È ancora più grave che si risponda criminalizzando un territorio di frontiera, che vive nell`abbandono totale da parte delle istituzioni un fenomeno imponente di disagio sociale stagionale che si somma a quello già presente in un`area depressa come questa. Demonizzare chi sta coi piedi nel fango per lavare la coscienza di chi, in alto, porta le responsabilità di governo dell`intera filiera è una professione troppo facile e consueta, per chi come Coop mette insieme il fare trade e il made in Italy fabbricato sul sudore dei moderni servi.
Allo stesso scopo e non altro servono i protocolli che Coop fa firmare ai produttori come pure gli attestati, quando non prevedono a premessa l`equità dei prezzi riconosciuti ai produttori e la trasparenza per i consumatori. Questa l`unica “responsabilità sociale” utile verso chi, penultimo e ultimo anello della catena, piccoli contadini e braccianti, ne sopporta tutto il peso.
L`aritmetica viene prima degli attestati di Consumers Internationale i disciplinari SA8000. Poco valgono i controlli di carta, quando basta non segnare le giornate per sfruttare manodopera sostanzialmente a nero anche se formalmente impiegata. Senza i numeri, le garanzie di Coop non hanno alcun fondamento. Si legge in un comunicato ufficiale diramato dall`azienda che “Nel 2010 è stato ulteriormente intensificato il presidio sulla filiera delle clementine in Calabria. Anche nelle campagna 2011/2012/2013, pur in assenza del clamore mediatico, abbiamo proseguito con le verifiche e col rilevare e risolvere i problemi che eventualmente si presentano, perché dietro al marchio Coop l’impegno è concreto e continuo”.

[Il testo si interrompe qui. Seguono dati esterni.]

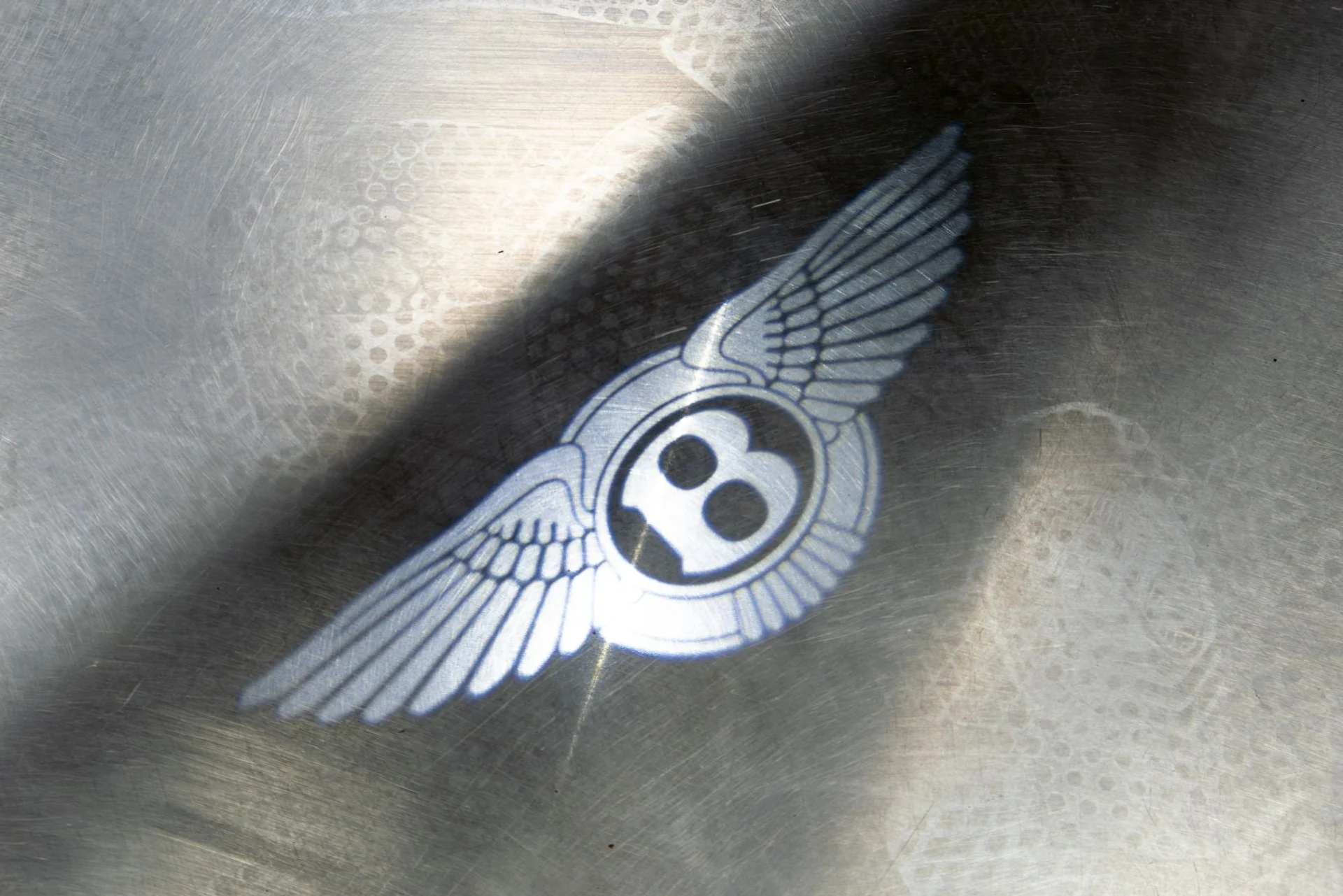 mph063_712751230_Used_2021_Bentley_Bentayga_V8_First_Edition_1776782316_7026bb1411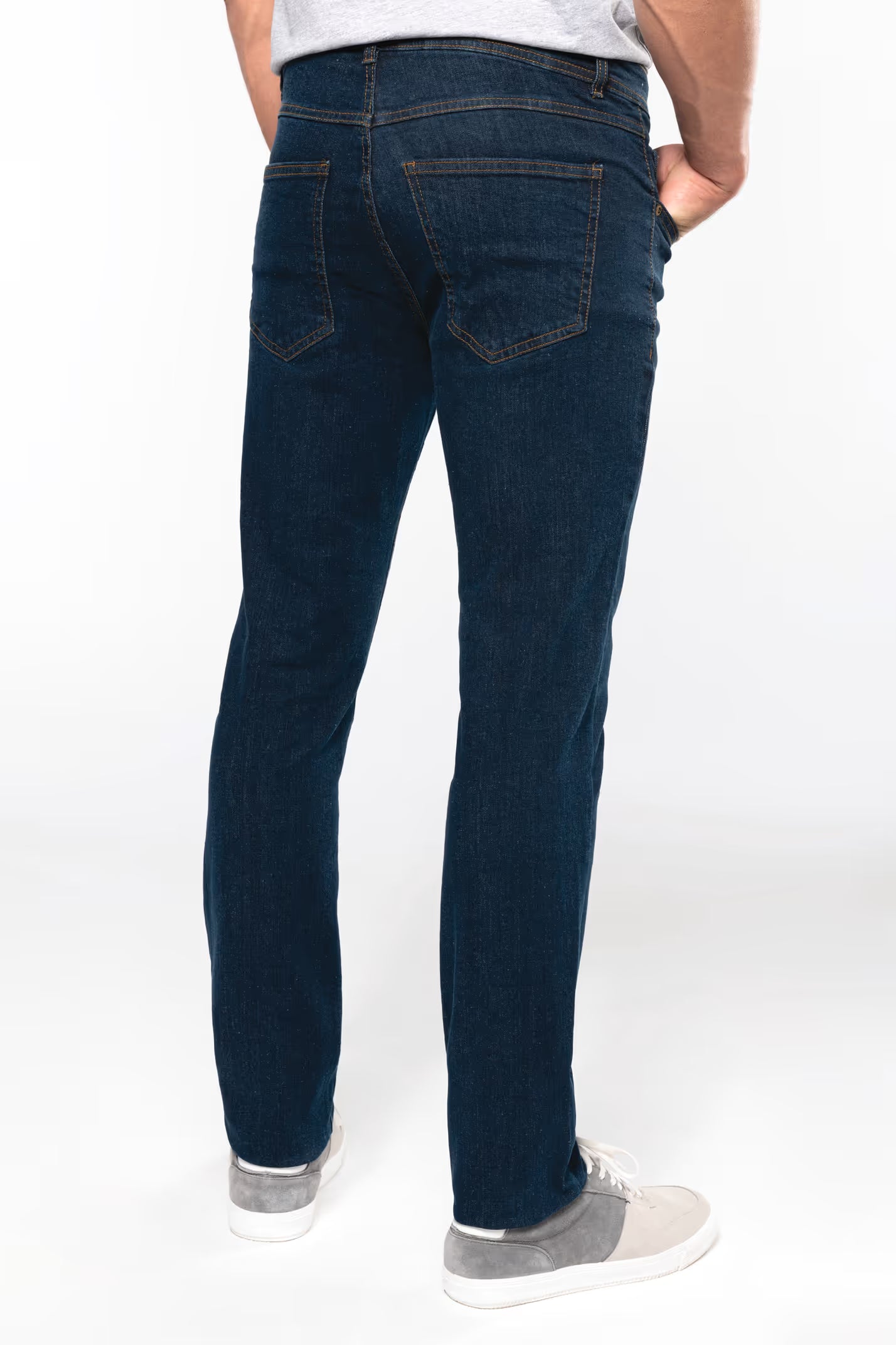 Vue arrière du jean basic homme avec poches plaquées et ceinture à passants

Ci dicano allora una volta per tutte quanto viene pagata ai produttori, sul campo, di norma, al di là delle eccezioni di Natale, la frutta che Coop vende nei suoi esercizi. O meglio, se per “riservatezza” non si vogliono rivelare queste informazioni, si creino seriamente canali di commercializzazione etica in cui, dietro garanzie di assunzione regolare e regolare retribuzione della manodopera, si pratichi un prezzo davvero equo e sostenibile ai produttori e si realizzi la trasparenza esponendo negli esercizi quanto loro viene riconosciuto e quanto il margine per Coop. Restiamo a disposizione per qualunque confronto.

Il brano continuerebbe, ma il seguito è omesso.